Factors included bureaucracy, incompetence, failure to follow the right public finance management procedures and bad contracts.
This time, however, the situation was such that in a moment of frustration, President Hassan made it clear that she was fed up with the misappropriation of huge amounts of public funds that could have been spent to improve social services and stated in no uncertain terms that she wants action to be taken.
President Hassan’s annoyance is understandable given the dire situation. It is unclear if the Head of State’s sentiments reflect similar concern at all levels of the government, but the fact that so much money is being mismanaged at a time when the national debt is soaring is regrettable.
If action is not taken sooner rather than later, Tanzania could find itself in a debt crisis and a vicious cycle in the form of an insatiable appetite for borrowing and chronic mismanagement of public funds. We do not think that President Hassan alone can stop the haemorrhaging of public funds.
It is not a matter of how much power the President has. It is not the question of how powerful or powerless the President is. It has to do with governance systems, checks and balances, as well as individual and collective accountability.
This is why we heard the President on Wednesday repeating the same directives she gave last year when she received the CAG’s 2020/21 report—directives that were not implemented, only for the same problems to reappear in the new report.

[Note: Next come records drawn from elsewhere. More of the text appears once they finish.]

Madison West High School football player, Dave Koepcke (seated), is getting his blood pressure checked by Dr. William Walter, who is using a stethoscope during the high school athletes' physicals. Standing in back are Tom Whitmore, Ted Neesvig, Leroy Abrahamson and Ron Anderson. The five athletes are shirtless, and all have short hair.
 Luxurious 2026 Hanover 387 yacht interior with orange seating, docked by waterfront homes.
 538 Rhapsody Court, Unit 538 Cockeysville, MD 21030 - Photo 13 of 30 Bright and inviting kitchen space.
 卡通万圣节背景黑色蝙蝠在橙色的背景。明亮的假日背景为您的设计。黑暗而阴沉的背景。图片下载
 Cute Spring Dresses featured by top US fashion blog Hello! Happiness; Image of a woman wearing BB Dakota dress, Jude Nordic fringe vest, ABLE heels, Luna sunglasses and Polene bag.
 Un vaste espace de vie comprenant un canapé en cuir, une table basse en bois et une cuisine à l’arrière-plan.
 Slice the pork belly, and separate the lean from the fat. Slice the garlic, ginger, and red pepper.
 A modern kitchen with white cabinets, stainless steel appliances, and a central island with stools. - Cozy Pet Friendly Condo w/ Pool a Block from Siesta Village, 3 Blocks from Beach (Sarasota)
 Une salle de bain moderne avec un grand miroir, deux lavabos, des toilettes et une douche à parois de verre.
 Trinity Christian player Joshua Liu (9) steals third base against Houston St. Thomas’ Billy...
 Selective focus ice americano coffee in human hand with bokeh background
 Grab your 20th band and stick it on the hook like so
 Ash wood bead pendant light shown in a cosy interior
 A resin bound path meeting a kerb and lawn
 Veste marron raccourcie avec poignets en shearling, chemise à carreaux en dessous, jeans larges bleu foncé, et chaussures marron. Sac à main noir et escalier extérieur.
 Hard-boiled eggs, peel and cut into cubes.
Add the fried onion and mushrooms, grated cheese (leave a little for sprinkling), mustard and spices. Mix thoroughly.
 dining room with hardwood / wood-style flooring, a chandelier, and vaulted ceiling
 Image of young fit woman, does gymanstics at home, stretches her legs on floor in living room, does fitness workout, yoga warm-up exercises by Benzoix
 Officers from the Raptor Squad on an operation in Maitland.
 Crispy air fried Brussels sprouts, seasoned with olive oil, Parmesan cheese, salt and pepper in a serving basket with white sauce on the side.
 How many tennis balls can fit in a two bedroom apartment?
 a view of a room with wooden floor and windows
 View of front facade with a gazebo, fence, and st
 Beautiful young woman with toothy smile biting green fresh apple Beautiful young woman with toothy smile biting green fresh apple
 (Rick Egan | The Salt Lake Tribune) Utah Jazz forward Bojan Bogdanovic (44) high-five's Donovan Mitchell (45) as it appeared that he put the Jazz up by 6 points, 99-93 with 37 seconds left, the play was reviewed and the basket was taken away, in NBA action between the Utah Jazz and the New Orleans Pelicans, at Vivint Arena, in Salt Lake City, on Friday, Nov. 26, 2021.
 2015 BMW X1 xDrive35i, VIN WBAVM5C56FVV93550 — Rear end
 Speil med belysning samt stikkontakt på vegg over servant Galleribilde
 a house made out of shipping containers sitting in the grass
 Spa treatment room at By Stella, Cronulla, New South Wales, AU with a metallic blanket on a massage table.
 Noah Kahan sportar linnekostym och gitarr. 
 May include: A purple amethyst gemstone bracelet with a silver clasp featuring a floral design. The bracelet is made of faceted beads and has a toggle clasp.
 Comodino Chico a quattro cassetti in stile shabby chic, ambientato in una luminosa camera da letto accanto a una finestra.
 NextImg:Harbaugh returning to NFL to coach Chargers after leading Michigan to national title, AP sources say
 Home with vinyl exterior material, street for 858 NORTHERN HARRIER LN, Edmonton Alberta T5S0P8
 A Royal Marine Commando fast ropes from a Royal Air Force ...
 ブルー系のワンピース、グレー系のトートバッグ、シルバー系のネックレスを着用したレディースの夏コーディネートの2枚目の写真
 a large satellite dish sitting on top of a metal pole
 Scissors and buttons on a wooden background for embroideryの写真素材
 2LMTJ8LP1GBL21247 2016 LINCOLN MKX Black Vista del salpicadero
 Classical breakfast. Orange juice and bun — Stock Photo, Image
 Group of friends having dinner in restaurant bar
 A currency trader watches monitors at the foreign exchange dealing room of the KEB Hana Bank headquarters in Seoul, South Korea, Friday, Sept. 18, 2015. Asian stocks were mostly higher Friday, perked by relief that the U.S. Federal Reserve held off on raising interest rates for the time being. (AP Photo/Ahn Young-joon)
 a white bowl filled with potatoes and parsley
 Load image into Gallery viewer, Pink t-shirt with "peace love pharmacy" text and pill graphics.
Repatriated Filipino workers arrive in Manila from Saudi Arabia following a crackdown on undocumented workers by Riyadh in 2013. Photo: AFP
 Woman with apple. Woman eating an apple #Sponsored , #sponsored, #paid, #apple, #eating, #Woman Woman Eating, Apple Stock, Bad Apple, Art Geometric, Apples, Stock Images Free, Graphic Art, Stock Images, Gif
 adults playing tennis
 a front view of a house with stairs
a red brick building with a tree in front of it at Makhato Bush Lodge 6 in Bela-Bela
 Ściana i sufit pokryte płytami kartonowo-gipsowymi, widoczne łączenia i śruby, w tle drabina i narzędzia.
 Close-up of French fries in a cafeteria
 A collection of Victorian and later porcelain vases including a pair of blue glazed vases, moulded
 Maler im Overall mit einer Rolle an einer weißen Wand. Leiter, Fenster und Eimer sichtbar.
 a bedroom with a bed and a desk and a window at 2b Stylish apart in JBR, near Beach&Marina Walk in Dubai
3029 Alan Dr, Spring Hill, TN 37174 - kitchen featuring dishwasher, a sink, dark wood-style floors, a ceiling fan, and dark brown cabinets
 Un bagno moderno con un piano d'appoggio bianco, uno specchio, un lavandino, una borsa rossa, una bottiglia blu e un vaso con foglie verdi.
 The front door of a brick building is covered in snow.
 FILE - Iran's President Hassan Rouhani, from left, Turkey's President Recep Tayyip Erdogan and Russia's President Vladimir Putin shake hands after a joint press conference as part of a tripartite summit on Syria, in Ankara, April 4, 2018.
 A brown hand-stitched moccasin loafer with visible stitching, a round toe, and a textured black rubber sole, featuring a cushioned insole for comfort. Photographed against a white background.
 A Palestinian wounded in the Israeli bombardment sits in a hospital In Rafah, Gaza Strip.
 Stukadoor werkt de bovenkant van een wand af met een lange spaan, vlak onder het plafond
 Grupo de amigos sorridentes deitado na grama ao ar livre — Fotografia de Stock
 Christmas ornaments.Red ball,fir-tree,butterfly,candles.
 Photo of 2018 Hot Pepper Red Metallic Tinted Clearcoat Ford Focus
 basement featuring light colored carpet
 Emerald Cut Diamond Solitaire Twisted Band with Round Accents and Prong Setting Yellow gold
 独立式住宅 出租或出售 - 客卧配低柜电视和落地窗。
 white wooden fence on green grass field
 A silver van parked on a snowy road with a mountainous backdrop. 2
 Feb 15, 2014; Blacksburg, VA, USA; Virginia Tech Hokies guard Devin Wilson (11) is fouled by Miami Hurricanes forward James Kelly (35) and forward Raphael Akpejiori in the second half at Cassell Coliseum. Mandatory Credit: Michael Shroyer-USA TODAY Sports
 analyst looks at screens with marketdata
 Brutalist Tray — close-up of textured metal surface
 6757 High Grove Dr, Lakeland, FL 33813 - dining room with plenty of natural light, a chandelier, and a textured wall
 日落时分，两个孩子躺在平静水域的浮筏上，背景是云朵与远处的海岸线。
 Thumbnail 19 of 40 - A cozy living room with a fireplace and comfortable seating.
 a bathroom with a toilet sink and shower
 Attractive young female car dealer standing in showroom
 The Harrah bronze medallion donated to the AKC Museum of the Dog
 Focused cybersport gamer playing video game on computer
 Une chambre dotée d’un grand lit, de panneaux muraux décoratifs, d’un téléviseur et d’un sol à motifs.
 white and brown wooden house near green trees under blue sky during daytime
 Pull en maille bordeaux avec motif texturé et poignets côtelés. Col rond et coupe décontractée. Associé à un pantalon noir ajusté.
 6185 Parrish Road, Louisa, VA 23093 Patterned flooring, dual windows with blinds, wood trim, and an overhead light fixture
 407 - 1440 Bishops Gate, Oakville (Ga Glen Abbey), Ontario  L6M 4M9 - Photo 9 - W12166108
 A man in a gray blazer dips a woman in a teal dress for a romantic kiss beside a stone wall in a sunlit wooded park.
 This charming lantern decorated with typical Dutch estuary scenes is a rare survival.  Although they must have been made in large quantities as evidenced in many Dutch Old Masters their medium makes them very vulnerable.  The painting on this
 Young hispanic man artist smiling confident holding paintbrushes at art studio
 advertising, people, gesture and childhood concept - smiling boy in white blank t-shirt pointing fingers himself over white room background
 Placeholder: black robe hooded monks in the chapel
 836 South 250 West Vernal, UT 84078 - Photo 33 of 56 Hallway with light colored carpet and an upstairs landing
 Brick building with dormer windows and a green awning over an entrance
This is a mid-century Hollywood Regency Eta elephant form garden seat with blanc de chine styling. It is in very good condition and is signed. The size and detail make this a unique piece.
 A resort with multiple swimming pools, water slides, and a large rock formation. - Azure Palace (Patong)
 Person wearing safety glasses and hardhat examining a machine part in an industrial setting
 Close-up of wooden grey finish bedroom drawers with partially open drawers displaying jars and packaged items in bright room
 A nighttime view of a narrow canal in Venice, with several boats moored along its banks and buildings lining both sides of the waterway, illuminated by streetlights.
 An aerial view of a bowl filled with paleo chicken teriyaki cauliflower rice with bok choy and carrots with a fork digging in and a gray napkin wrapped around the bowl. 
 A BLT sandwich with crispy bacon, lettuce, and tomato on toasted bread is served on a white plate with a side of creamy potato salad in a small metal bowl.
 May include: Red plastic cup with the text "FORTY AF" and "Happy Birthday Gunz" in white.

An example of these directives is the review and possible shutting down of loss-making public firms.
“Killing our own country”
In such a situation, her ominous warning that, “We are killing our own country with our bare hands” makes sense.
Suffice it to say that it is time to put to an end – once and for all – the wilful theft of public funds. Everyone must carry out their responsibilities dutifully and patriotically.
So much has been said for so long about the rot in public finance management in CAG reports and the need to take action that it now sounds like an overplayed musical hit of yesteryears.
The time for action is now. It is time to bridge the talk-action gap. We should obviously start with reforms. There are things that could be dealt with quickly such as amendment of the laws that provide loopholes for mismanagement and there are those that require comprehensive constitutional reforms.
Allowing Parliament to carry out its oversight responsibilities ought to be done right away.
CAG reports are tabled in Parliament. MPs have always debated these reports exhaustively and sometimes emotionally, advising the government on the way forward, but in most cases, it has ended there.
Little or no action has been taken afterwards. In the past, it was claimed that no action was taken because the CAG reports were tabled in Parliament too late when some of the culprits were either retired or dead, but during President Jakaya Kikwete’s administration, efforts were made to ensure that the reports were current, but still no meaningful action has been taken against the culprits.
That has to change if we want our children to have a prosperous future.